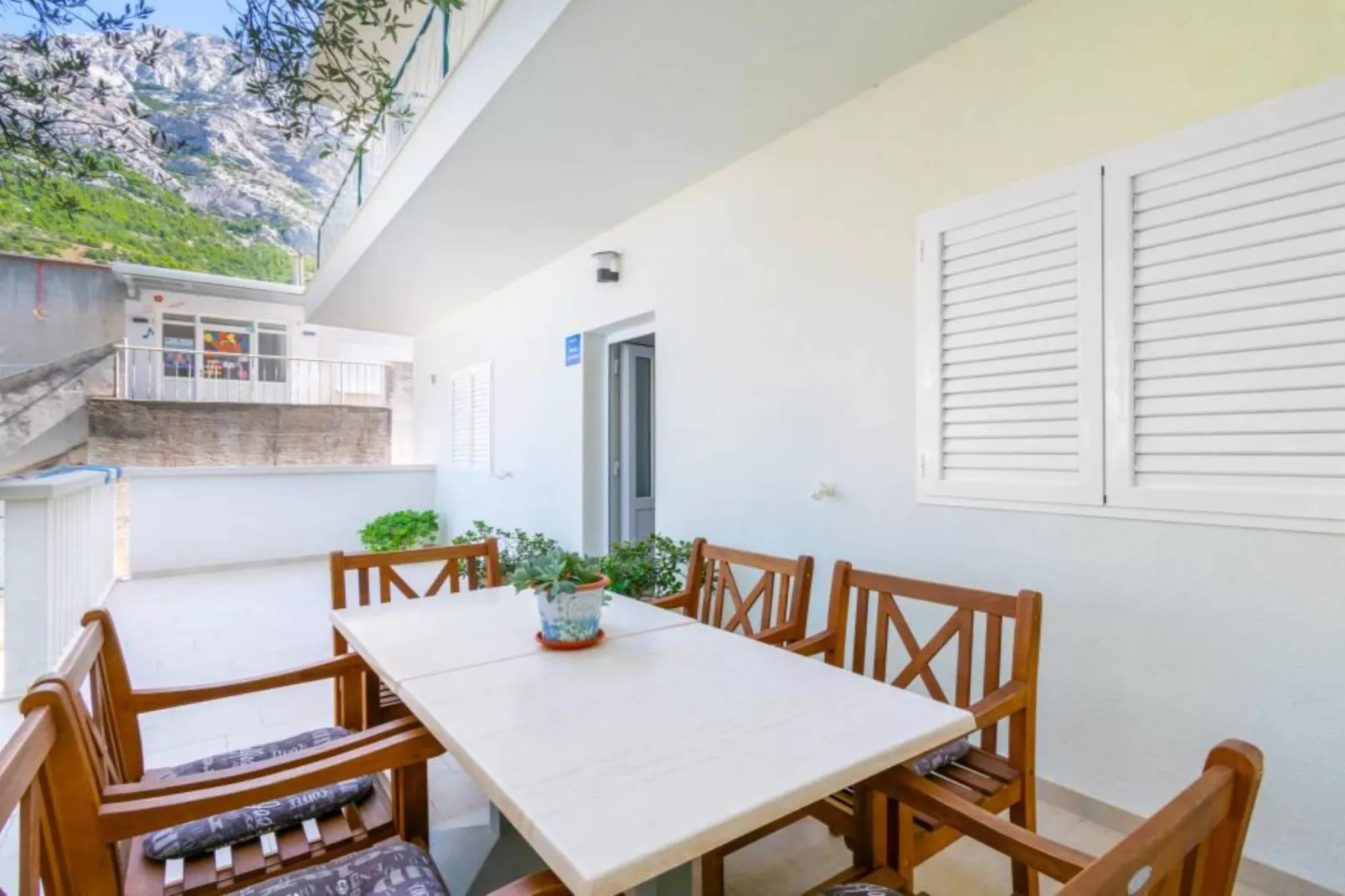 Apartment Pavlov - Three Bedroom Apartment with Terrace-Terrasbalkon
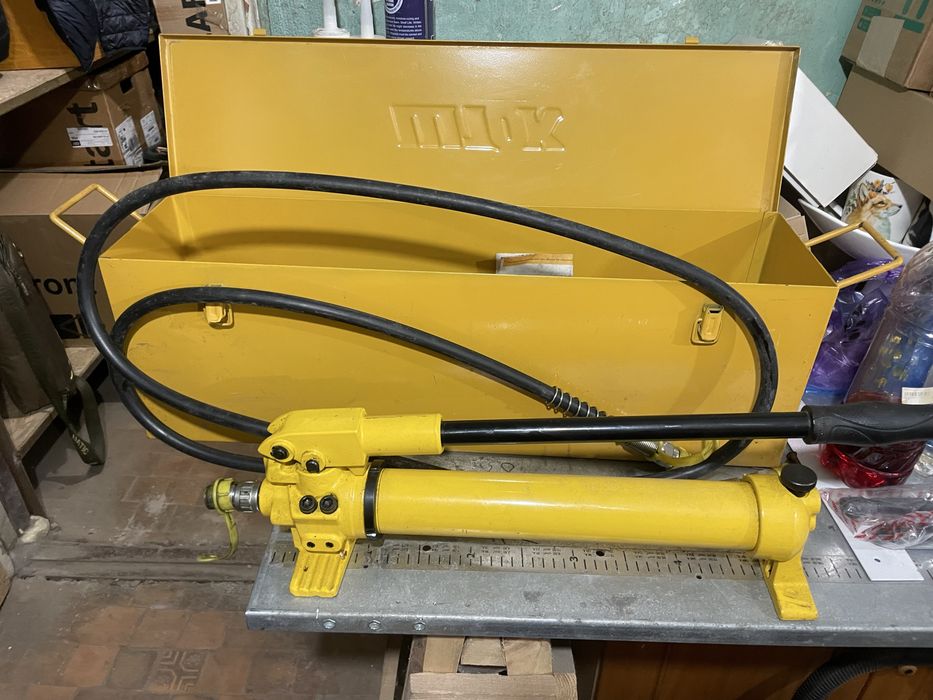 Пресс для гибки электропроводных шин.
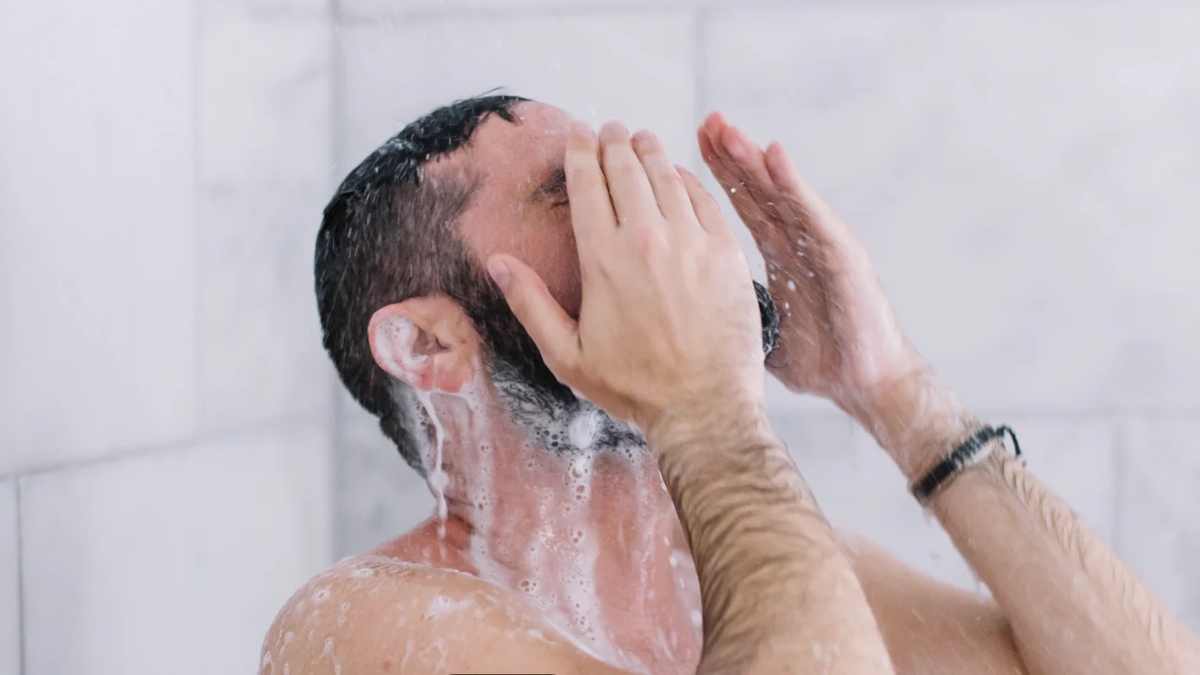 Body Wash vs Shower Gel: What's the difference and which is better for skin?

::::

Set down the full listing above with its wording unchanged. Leave out its images.

● **COMPLETED EXERCISE**:
 Apartment Pavlov - Three Bedroom Apartment with Terrace-Terrasbalkon
 Пресс для гибки электропроводных шин.
 Body Wash vs Shower Gel: What's the difference and which is better for skin?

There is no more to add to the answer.